Because we live about an hour apart, we agreed to meet somewhere in the middle at a Barnes & Noble. It occurred to me that I had no idea who to look for, but Kim instantly knew it was me when she walked in the door.
She had a very self-assured and confident vibe about her, and I liked that immediately. I like to think I give off that same feeling to people. Or at least that I'm approachable and easy to talk to.
Because it was hot and humid, we both purchased waters and picked an open table in the cafe area. Not being able to help myself, I started hitting her with questions. I guess it's still the reporter in me. When I don't understand something, I can't help but ask.
We talked a good bit about her business, her current projects and the background behind her work. I try to keep an open mind about anything new in life, even something I may not fully understand. Because what if all of her hard-to-grasp concepts about energy and thought manifestation are true? I'm sure Columbus had a hard time convincing people the world was round.
I opened up a little bit about my job at the paper, my relationship with Jerry and my photography business. She talked a lot about destiny and that my being has opened up because this project was something I was meant to do.
To be honest, I'm not sure it necessarily feels like this was my destiny, but it sure makes a lot of sense. It's like all of my work and past experiences fit perfectly into being a portrait photographer. My love for meeting new people, the attention to detail, using my creativity and turning it all into art. It just feels right. And I do feel more open and alive since taking on this project.
If I had to boil her advice down, it would be as simple as the old adage, "Positive things happen to positive people." She said it only takes 17 seconds for a thought to manifest and have other similar thoughts join it and create an energy. And, when I think about it, that makes sense. When I'm brainstorming ideas, they seem to build and pick up speed exponentially. On the other hand, when I'm upset about something, it can quickly turn into dwelling and ruin my day if I let those thoughts take over.
And as far as getting what you want in life? Believe it will happen. And it will.
Perhaps that's why our meeting didn't shake me to the core because I already live each day that way. In the past few years, probably since meeting Jerry if I had to put a time element to it, things have just sort of fallen into place for me. I have a comfort that I'm where I'm supposed to be.
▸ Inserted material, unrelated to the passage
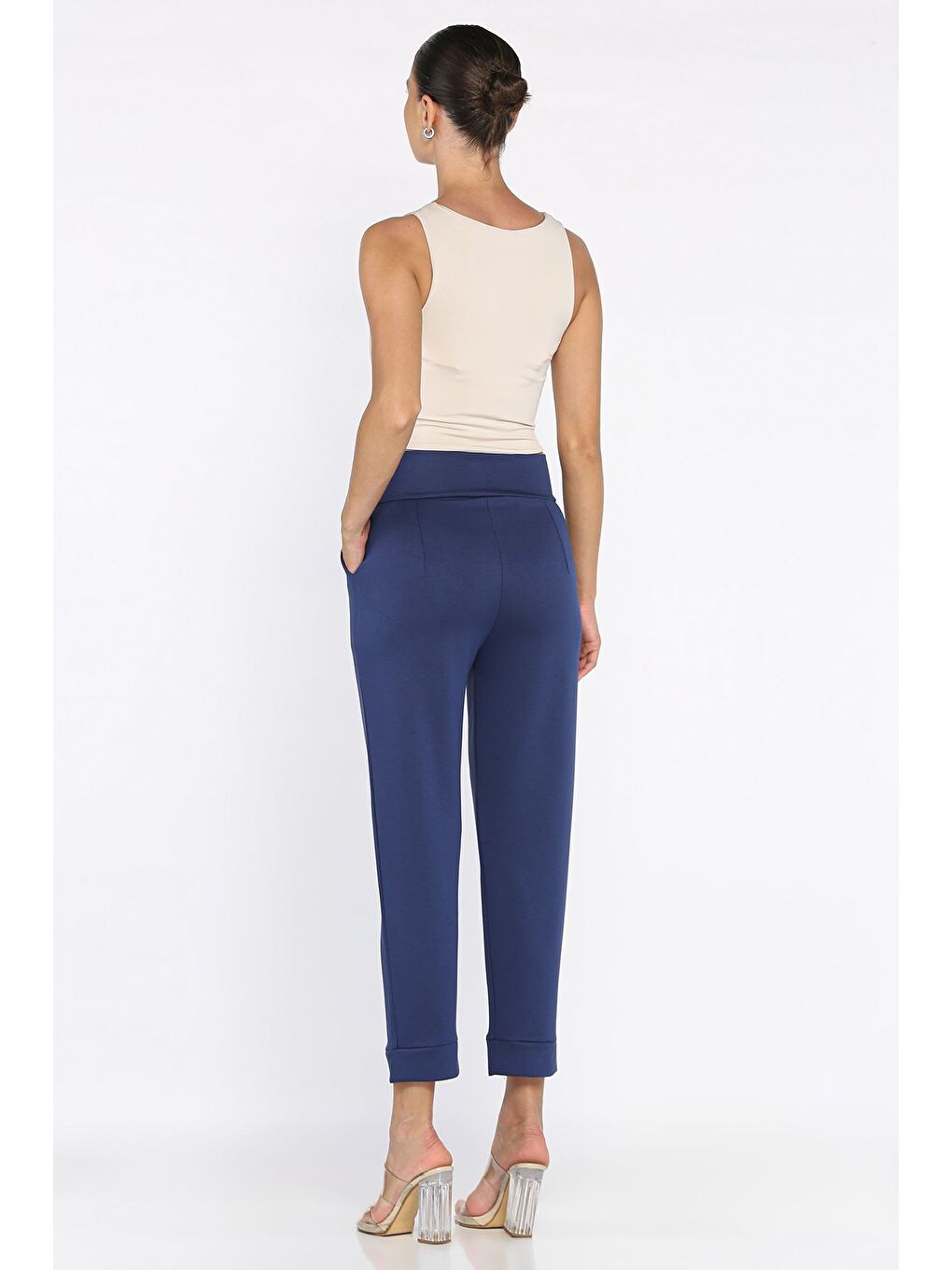 Lacivert Kadın Pile Detaylı Fermuarlı Pantolon-3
And anything is attainable if I set my mind to it.
I know my business won't fail because I won't allow it.
And after mentioning that my aura's seven entry points were spinning counterclockwise -- an indication of creativity if I remember correctly -- she said things are going to happen for me much more quickly than I even anticipate.
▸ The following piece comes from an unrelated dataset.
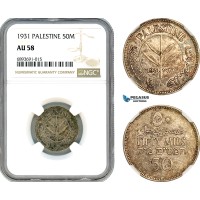 AJ987, Palestine, 50 Mils 1931, London Mint, Silver, NGC AU58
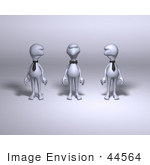 #44564 Royalty-Free (Rf) Illustration Of Three 3d Human Like Characters Wearing Ties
I laughed because that's already the case. I'm only a few months in, and it feels like I couldn't have gotten this far if I had wished for it. It just took off because I was welcoming it.
Kim does the same. At one point she assuredly said, "When I'm on Oprah," and it didn't sound strange. I didn't think, "Yeah, right." Instead, I envisioned it right along with her.
She did give me some things to think about and work on. I'm going to write a few things down. Not only to solidify some of my thoughts about the financial end of the business, but also to manifest them.
I'm also going to try to allow myself to give up some control in certain aspects of my life. This is something I've struggled with as far back as I can remember. I hated group projects in grade school because I felt the need to take over and fix what I viewed as everyone else's shortcomings.
I'm a natural leader, but that also comes with the fear of letting go of responsibility. I hate not knowing. Not having my hands in every detail. But she said I'll be happier if I can learn to accept that other people around me are capable, too.
And she's right.
I'm glad I scheduled the appointment if for nothing else than reaffirming a lot of my beliefs. And Kim was a really amazing person to be around -- I'd love to have a beer with her and really shoot the shit sometime. Strangely enough, when I got in my car, I felt a very heavy weight settle in my chest that took awhile to dissipate.
I'm not sure why, but I have two hypotheses:
She mentioned a few times how she personally doesn't use a camera because she doesn't need to. She collects the essense of people. If that's the case, I wonder if I noticed that part of me was missing. The other and probably more likely scenerio is that it's because her energy was missing. It had been so uplifting to be around.